* [What is expected] Your answer must consist only of the lines from the start of the entries through the line that holds "JULIE added a photo of their purchase", copied exactly, with no pictures.

* [Records supplied]
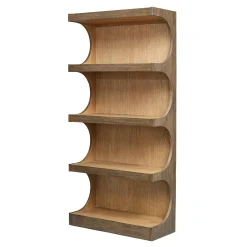 Triumph Etagere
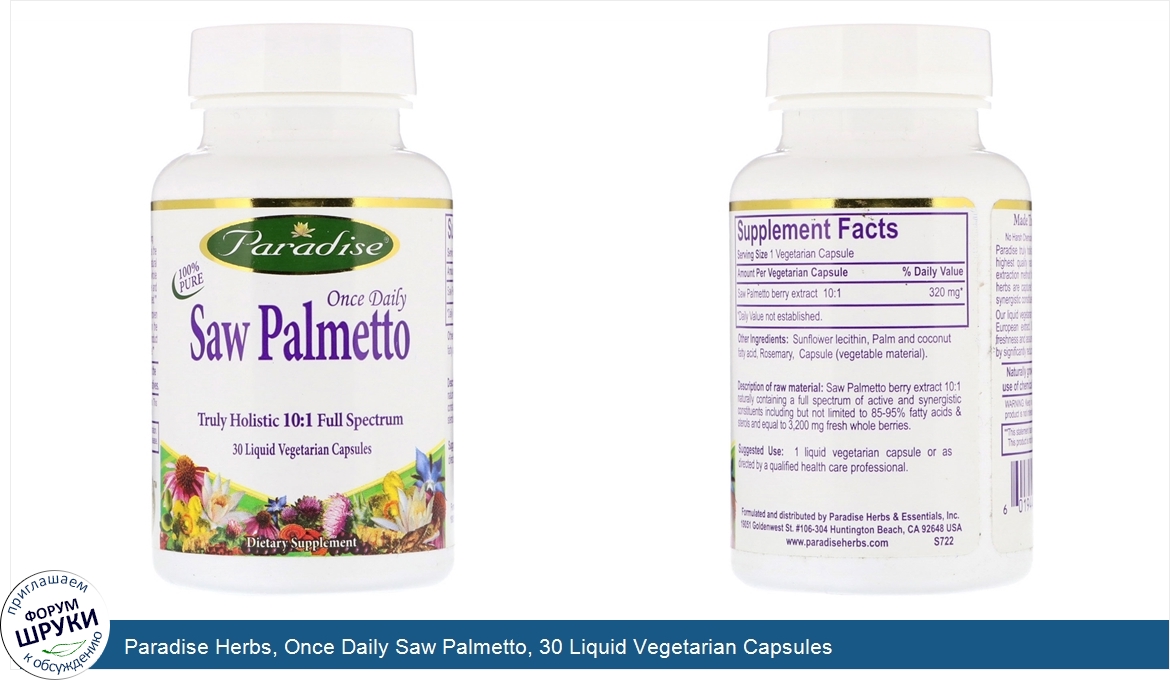 Paradise_Herbs__Once_Daily_Saw_Palmetto__30_Liquid_Vegetarian_Capsules.jpg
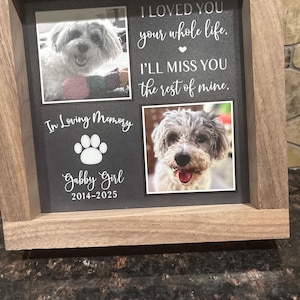 JULIE added a photo of their purchase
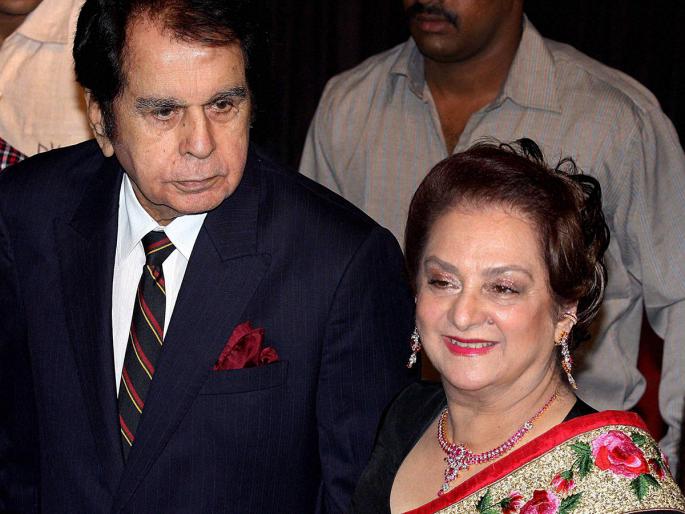 Saira Banu complaint case: EOW filed an appeal in the High Court against builder Sameer Bhojwani's anticipatory bail | बिल्डर समीर भोजवानीच्या अटकपूर्व जामिनाविरोधात इओडब्ल्यूने केले हायकोर्टात अपील दाखल   Saira Banu complaint case: EOW filed an appeal in the High Court against builder Sameer Bhojwani's anticipatory bail | बिल्डर समीर भोजवानीच्या अटकपूर्व जामिनाविरोधात इओडब्ल्यूने केले हायकोर्टात अपील दाखल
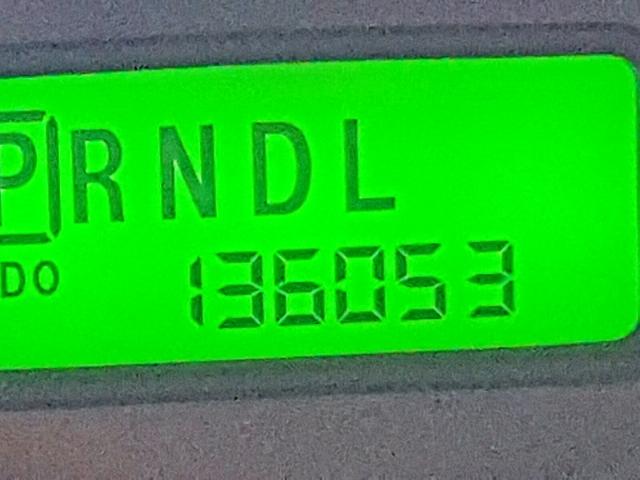 4M2CU39H17KJ00807 - 2007 MERCURY MARINER HE კრემისფერი ფოტო 8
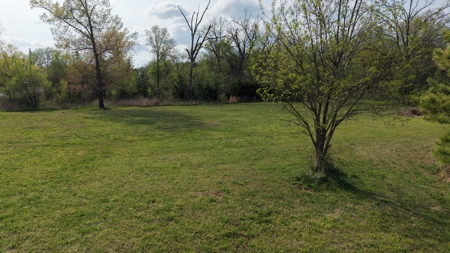 Lots for sale,Wilburton,OK Near Golf Course - image 3
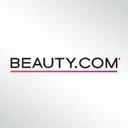 All things beauty, all in one place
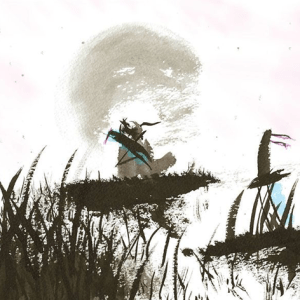 Odeko - A History With Samus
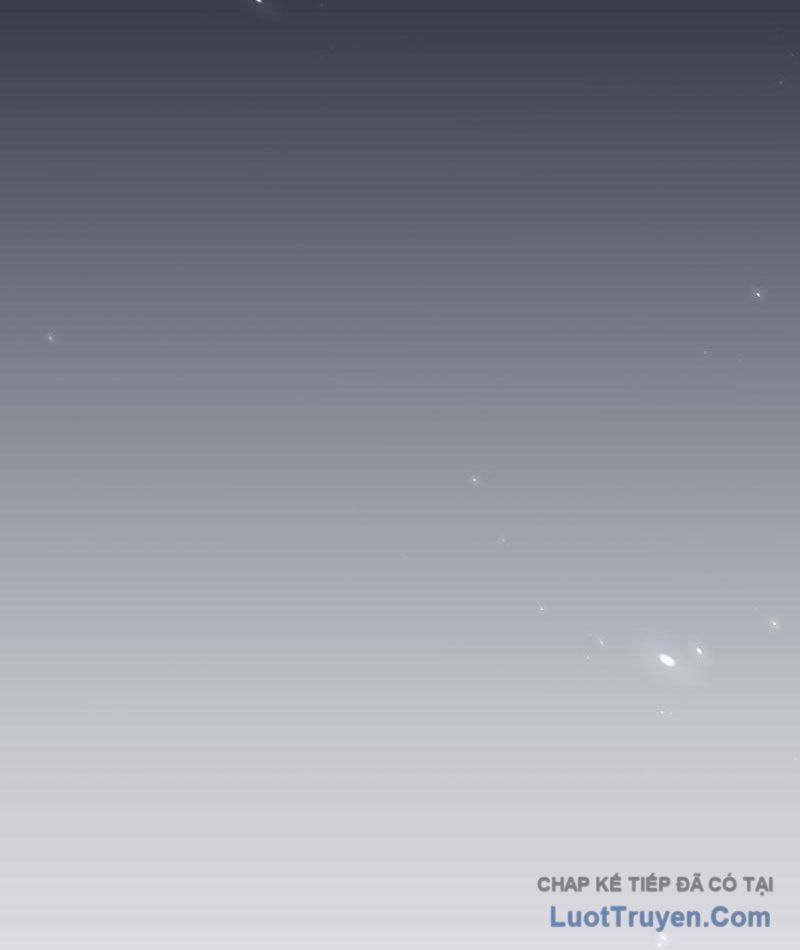 đọc truyện Bắt Đầu Chấn Kinh Nữ Đế Lão Bà, Ta Vô Địch! Chương 104 ảnh 29 tại Thiên Thai Truyện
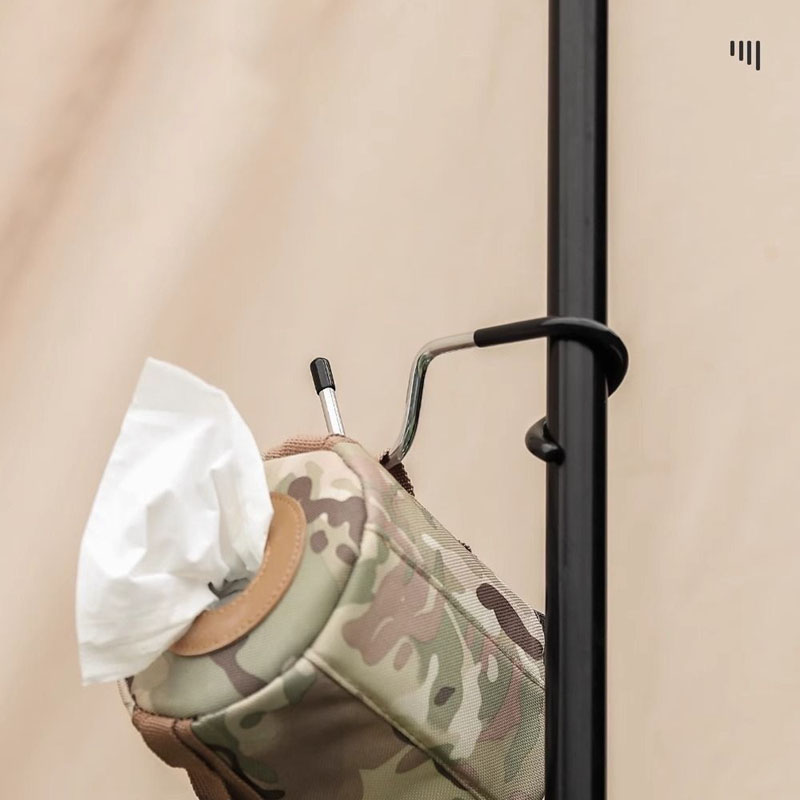 Paslanmaz Çelik Işık Standı Tu - Hunting Outdoor Stores incelemesi ve fiyatı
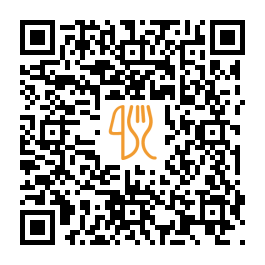 QR-code link către meniul Oceanic Seafood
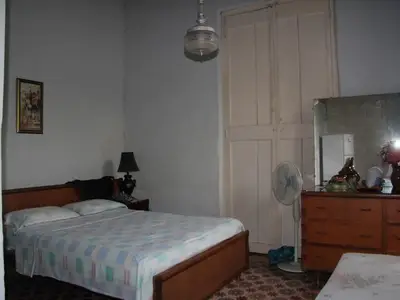 Ferienwohnung für 3 Personen (15 m²) in Remedios 1/7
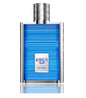 Khadlaj Karus Blue Spice EDP Spray 100ml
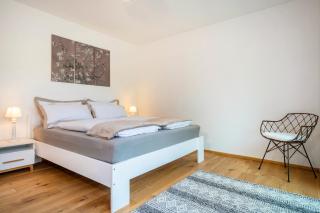 Ferienhof Mrowka - 7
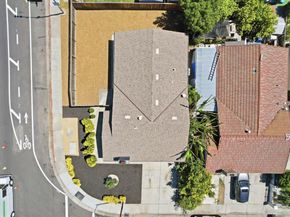 540 Ripley Drive, San Jose CA 95133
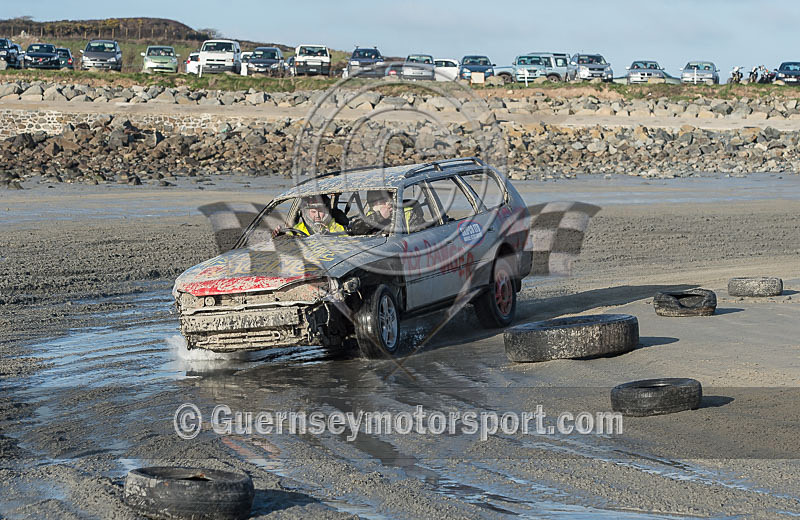 Autocross_08-02-2015-26 - AUTO-X_08-02-2015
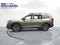 2025 Subaru Ascent Limited Bronze Edition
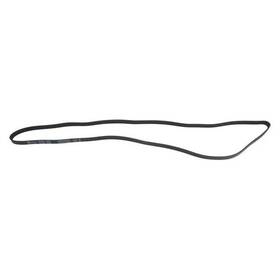 Sel360364 Id Select For Ford Mustang 1996-1999 Drive Belt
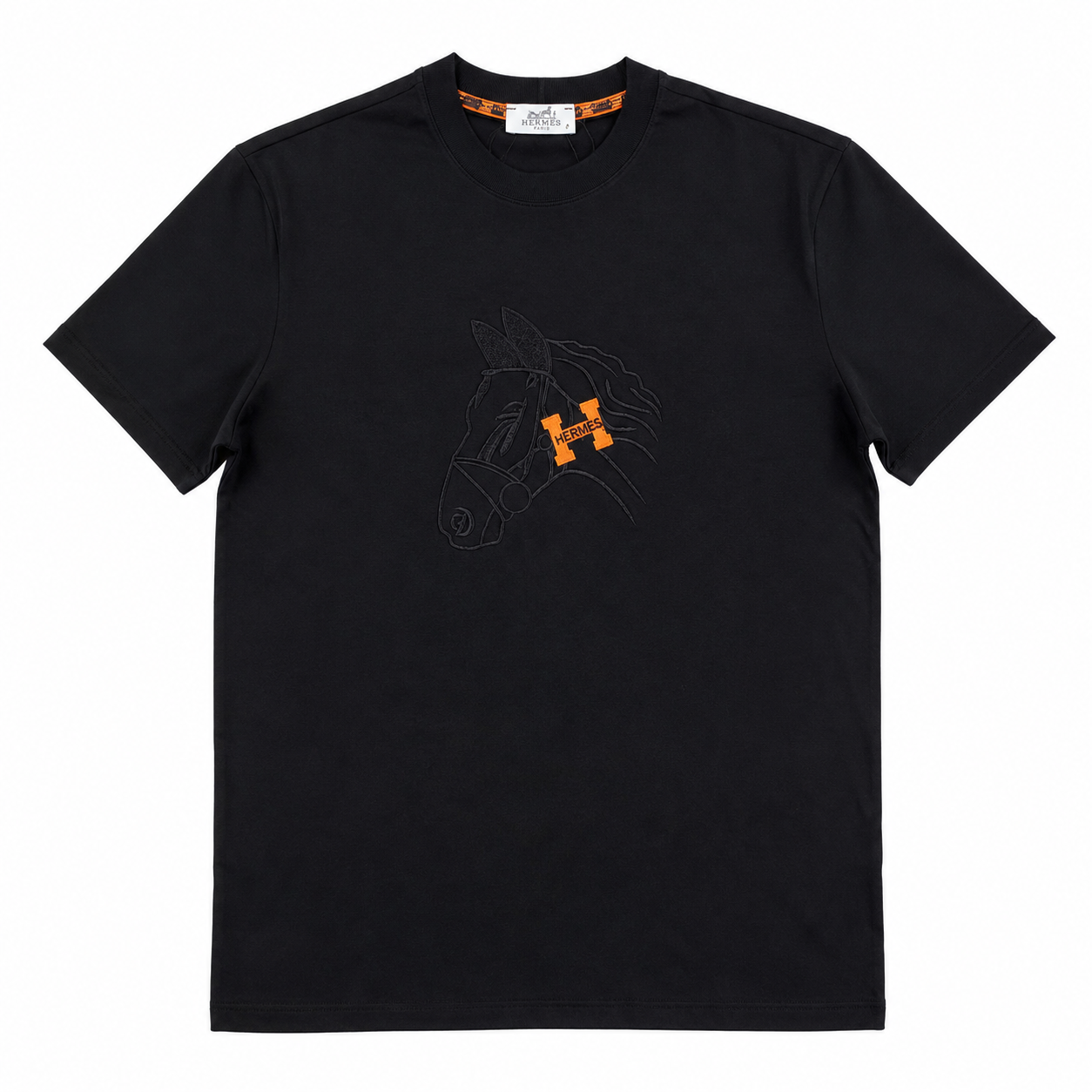 Hermès 02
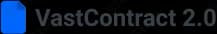Vast Contract
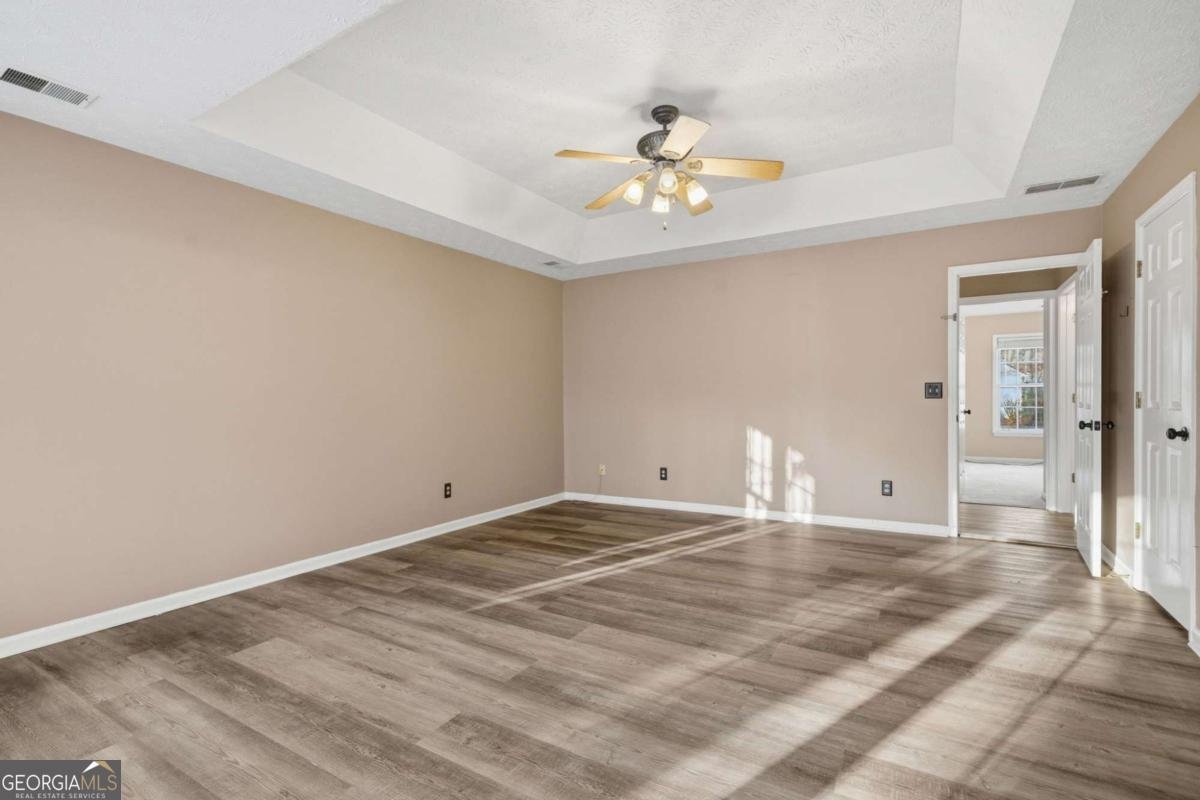 1543 Glencrest Trail Lawrenceville - Photo 25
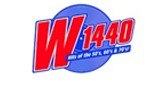 W 1440  AM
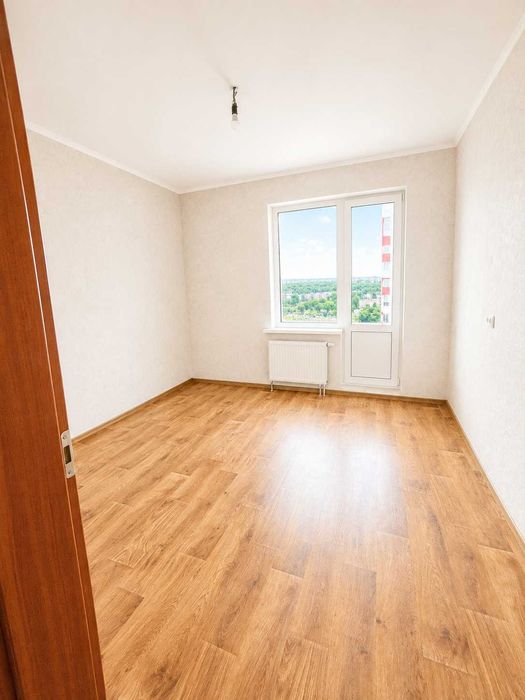 Квартира на пров. Ясинуватський, 11 в Київ, ID 313967, фото №3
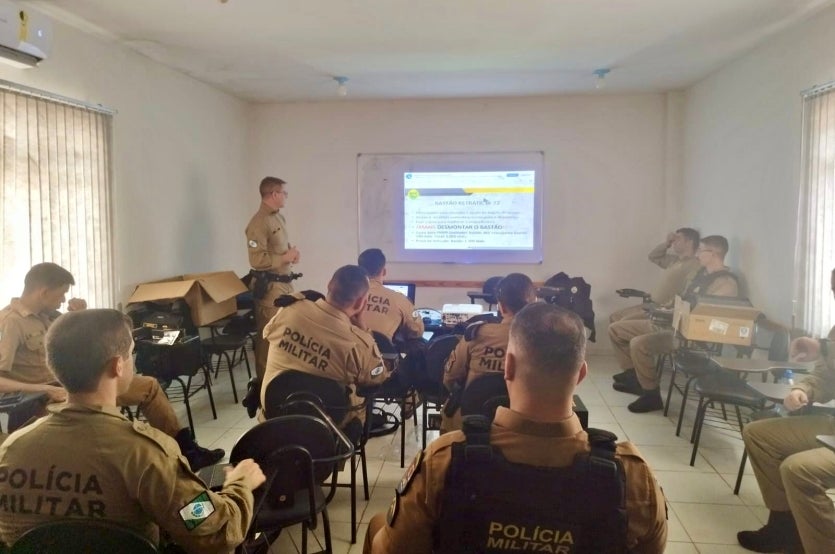 Imagem Do Whatsapp De 2024 09 27 à(s) 17.57.37 9553a3f1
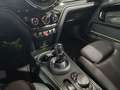 MINI Cooper S Countryman COOPER_S Countryman All4*Voll*HUD*Pano*Autom.Nav Plateado - thumbnail 13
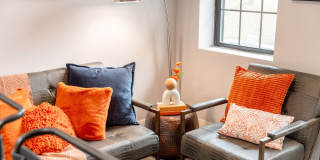 The Lofts at 93 North Gallery 32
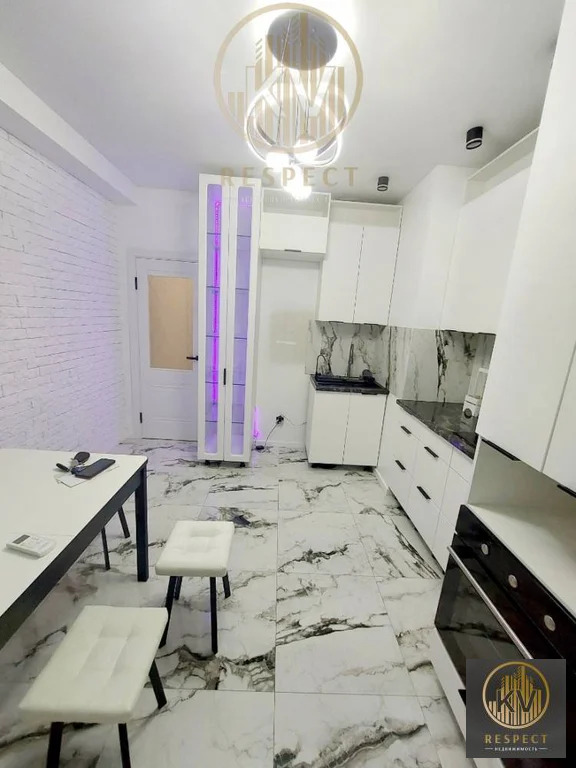 Продажа квартиры, Ессентуки, Никольская ул. - Фото 4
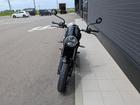 トラッカー400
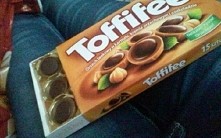 Relax po ćwiczeniach 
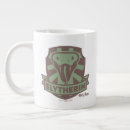 Recherche de slytherin tasses Assistant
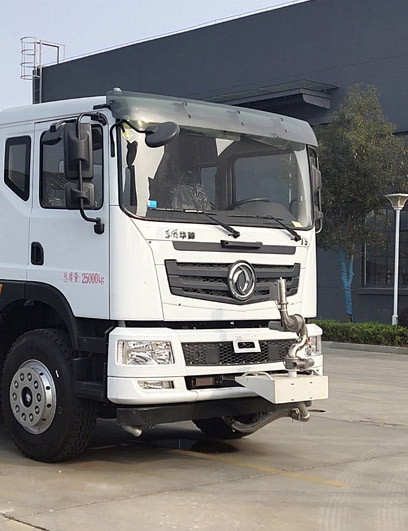 HLN5250GPSE6̻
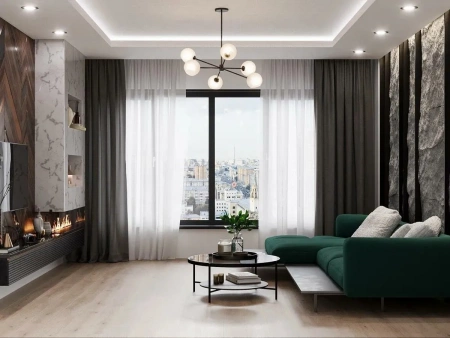 Ламинат SPC Norland Sigrid Plus Alante 1006-7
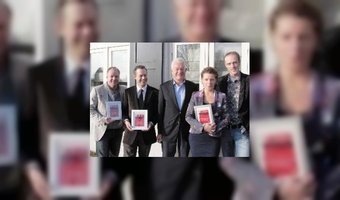 Zwethheul resto van het jaar in Grootspraak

* [Result below]
 Triumph Etagere
 Paradise_Herbs__Once_Daily_Saw_Palmetto__30_Liquid_Vegetarian_Capsules.jpg
 JULIE added a photo of their purchase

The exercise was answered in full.